This is a good point. I thought about this a bit after first playing KOTORII, and finally wrote some dialogue management code to see how scalable it could be. I think that the saving grace of a nominally more complex system is that it would not be strictly necessary to have unique responses for M/F/DS/LS/etc... in many cases dialogue responses would be identical, but the (non-conversational) *side effects* of the player's choices would be different. So instead of increasing complexity of the dialogue tree, the additional complexity gets offloaded to the force/influence/status maintenance code, which already exists and is (or should be) always running anyway.
Aside from such side effects, much of the dialogue has a limited scope (conversation, quest, planet), and if proper bookkeeping (with respect to force/influence/etc) is done the amount of information that must carry over from one scope to another is minimal.
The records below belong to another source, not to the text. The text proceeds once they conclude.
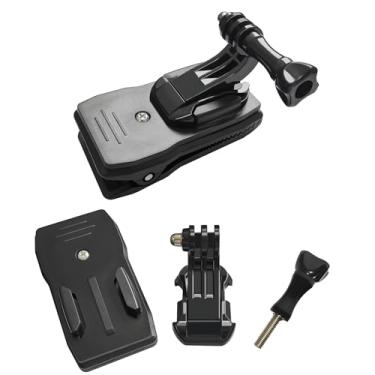 Imagem de ThtRht Pacote com 2 capas giratórias de 360 graus para mochila com suporte de liberação rápida para Gopro Hero12 Black Hero11 10 9 8 7 Insta360/ DJI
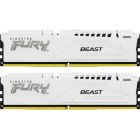 Модуль пам\'яті для комп\'ютера DDR5 64GB (2x32GB) 5600 MHz FURY Beast White Kingston Fury (ex.HyperX) (KF556C40BWK2-64)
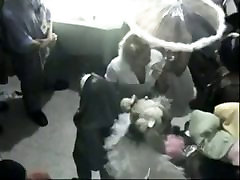 A voyeur crashes a wedding preparation with his babes sapi camera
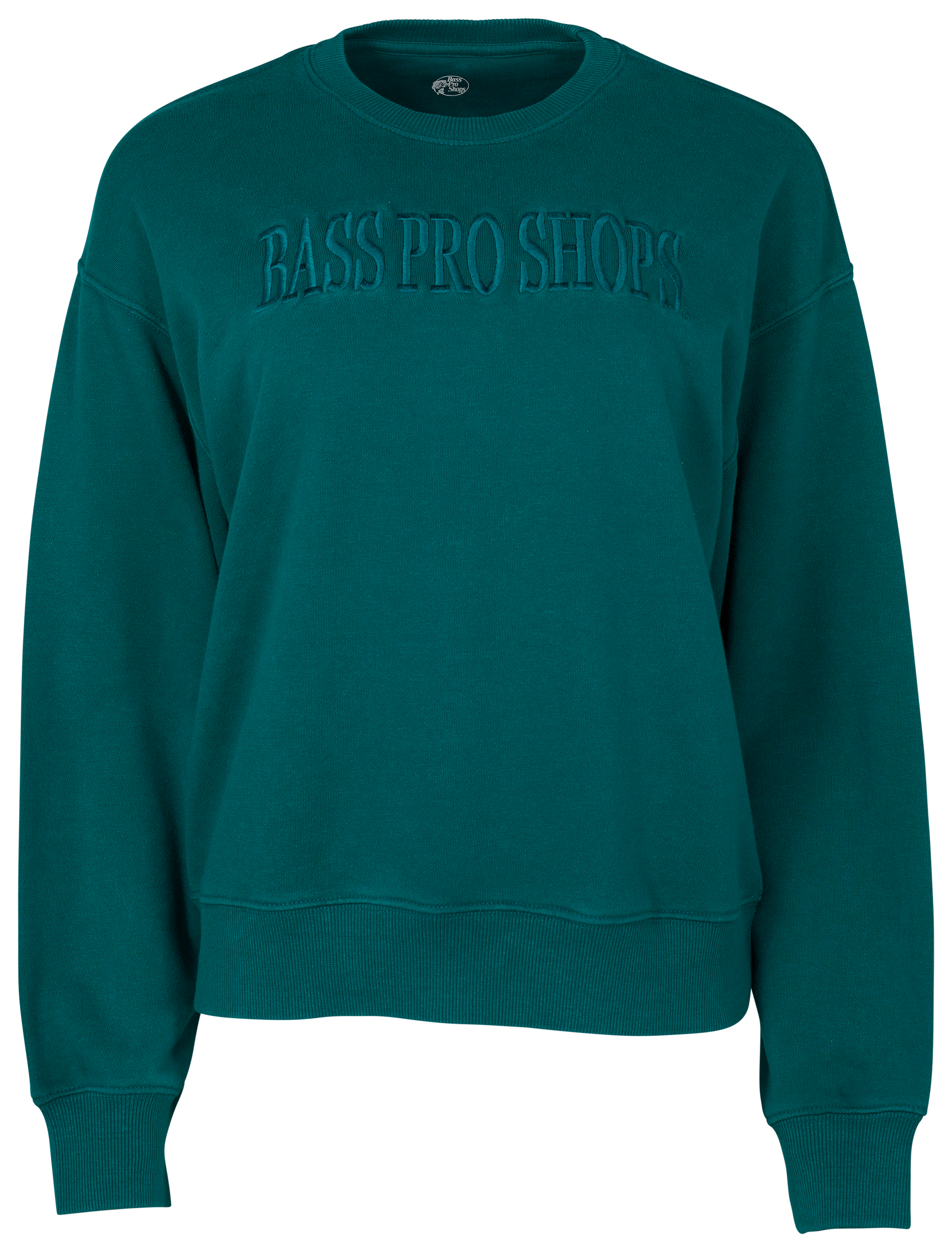 Image of Bass Pro Shops Embroidered Crew-Neck Sweatshirt - Everglade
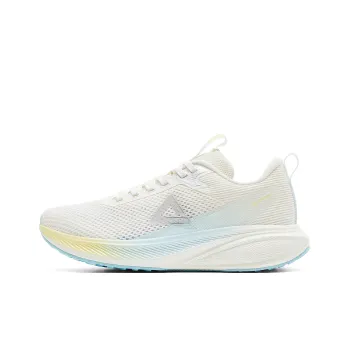 PEAK State Pole Anti Slip Wear Resistant Low Top Casual Running Shoes Unisex White Blue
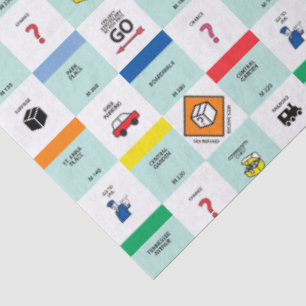 Papel De Seda noche de juego de mesa de monopolio de cartón
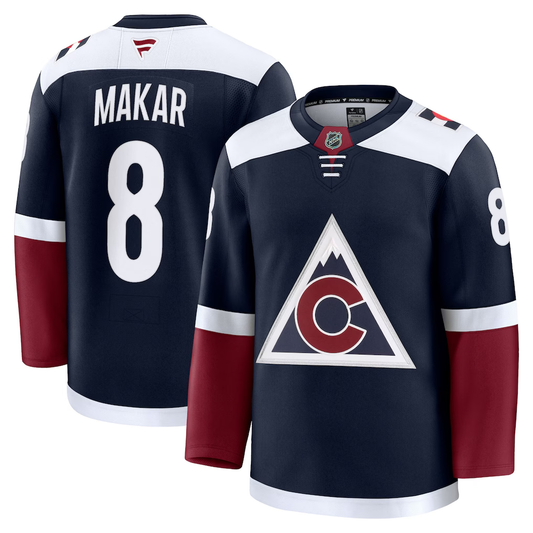 Men's Colorado Avalanche Cale Makar #8 Fanatics Navy Alternate Premium Jersey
This keeps the state-machine complexity that would otherwise arise down to a much more manageable level... the 'next action' table becomes a (very) sparse matrix and the number of states that must be tracked drops from n^p (n = number of independent dialogues, p for m/f/LS/DS/etc options) to something less than or equal to n*p... the point being that the complexity can grow as a linear function rather than a power function, resulting in much more scalable code.
It seems to me that an NPC that reacts to you based on your actual stats (all simple numbers that are already tracked: the NPC already knows your gender, there are already numbers assigned to force and player level etc) rather than on what your response was to a specific question in a specific conversation on some other planet would seem much more 'intelligent'... the information still gets carried over, in the form of the effect it had on your stats. For quests and plotlines that are more global in scope, more rigorous accounting can be done, but this represents a small fraction of the interactions you have throughout the game.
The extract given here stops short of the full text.